Lá havia uma profusão de árvores, algumas altas e fortes, como as palmeiras, os plátanos e os carvalhos. Outras eram pequenas ainda, carregadas de flores. Existiam também plantinhas doentes, murchas, em pequenos vasos. Cada planta tinha uma placa com um nome. A mãe examinou as menores, tentando reconhecer as batidas do coração do menino, até que encontrou um pequeno pé de açafrão muito doente, quase morto. Sentindo que era o filho, começou a gritar, e a coveira recomendou-lhe que, quando a Morte chegasse, não a deixasse arrancar a planta, ameaçando-a de arrancar a planta vizinha. Nenhuma delas poderia ser tocada sem a permissão de Deus e a Morte tinha que prestar contas de uma por uma.

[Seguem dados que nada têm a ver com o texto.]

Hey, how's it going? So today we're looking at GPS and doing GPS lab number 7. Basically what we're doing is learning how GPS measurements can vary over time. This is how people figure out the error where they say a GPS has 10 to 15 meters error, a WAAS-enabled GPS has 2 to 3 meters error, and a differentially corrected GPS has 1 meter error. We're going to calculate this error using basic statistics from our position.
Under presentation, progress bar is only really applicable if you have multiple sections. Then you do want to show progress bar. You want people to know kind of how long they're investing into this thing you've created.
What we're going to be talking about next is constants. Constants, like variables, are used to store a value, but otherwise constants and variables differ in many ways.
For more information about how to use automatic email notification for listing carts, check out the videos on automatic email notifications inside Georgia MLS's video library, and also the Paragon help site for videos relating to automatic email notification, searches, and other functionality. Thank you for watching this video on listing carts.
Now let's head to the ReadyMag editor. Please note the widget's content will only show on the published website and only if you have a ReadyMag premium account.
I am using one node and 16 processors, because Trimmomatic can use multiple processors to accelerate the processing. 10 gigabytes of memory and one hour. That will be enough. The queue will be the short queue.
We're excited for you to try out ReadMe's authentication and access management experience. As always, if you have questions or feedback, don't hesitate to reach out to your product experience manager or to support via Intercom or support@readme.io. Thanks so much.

"Como pôde encontrar o caminho?", disse-lhe a Morte. "Sou mãe, Nosso Senhor me ajudou". "Mas só faço o que ele deseja, obedeço as suas ordens. Sou a sua jardineira, planto todas as sementes no jardim do paraíso, mas não sei como crescem, isso não posso lhe dizer". "Devolva-me o meu filho, eu lhe imploro! Se não o fizer, arrancarei as outras plantas, eu juro!". "Não as toque! Quer fazer outra mãe infeliz, como você?". "Ah, não, outra mãe, não", exclamou, desconsolada.

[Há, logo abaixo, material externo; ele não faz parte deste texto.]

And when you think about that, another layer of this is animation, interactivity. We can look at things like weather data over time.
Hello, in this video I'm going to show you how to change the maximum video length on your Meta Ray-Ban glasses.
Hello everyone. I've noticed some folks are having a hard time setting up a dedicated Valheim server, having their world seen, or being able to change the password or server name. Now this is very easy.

A Morte entregou-lhe duas pérolas, dizendo aí estão os seus olhos. Tirei-os do lago, pois brilhavam muito, e não sabia que eram seus. Vou lhe dizer o nome das duas plantas que queria arrancar. Olhe para a água e verá o futuro das duas pessoas. Com horror, viu no fundo do lago dois destinos opostos: um, abençoado, só trazia alegria para todos que estavam à sua volta; o outro era pura dor e tristeza. "Diga-me, Morte, qual é a flor da felicidade e qual a do infortúnio?". "Não vou dizer. Apenas lhe conto que uma é o seu filho, você viu a sorte de seu próprio filho". "Oh, não, tenha compaixão. Salve o inocente! Leve-o para Deus, esqueça as minhas súplicas!". "Não a compreendo, disse a Morte. Você quer o seu filho de volta ou prefere que o leve para a terra que ninguém conhece?".

A mãe caiu de joelhos, rogando a Deus que não ouvisse os seus pedidos, se fossem contrários à Sua vontade. Prometeu-lhe abrir mão dos seus desejos, entregando-lhe a vida do filho. A Morte pegou a criança nos braços e levou-a para o seu reino. Uma grande paz inundou o cansado coração da mãe.